TASK DETAILS - Please retype all the data below exactly, line for line.

=== RECORDED INFORMATION ===

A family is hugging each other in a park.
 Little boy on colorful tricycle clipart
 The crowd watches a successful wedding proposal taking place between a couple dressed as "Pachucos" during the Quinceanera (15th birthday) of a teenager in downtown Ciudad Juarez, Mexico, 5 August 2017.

===

SOLUTION TO THE EXERCISE -
A family is hugging each other in a park.
 Little boy on colorful tricycle clipart
 The crowd watches a successful wedding proposal taking place between a couple dressed as "Pachucos" during the Quinceanera (15th birthday) of a teenager in downtown Ciudad Juarez, Mexico, 5 August 2017.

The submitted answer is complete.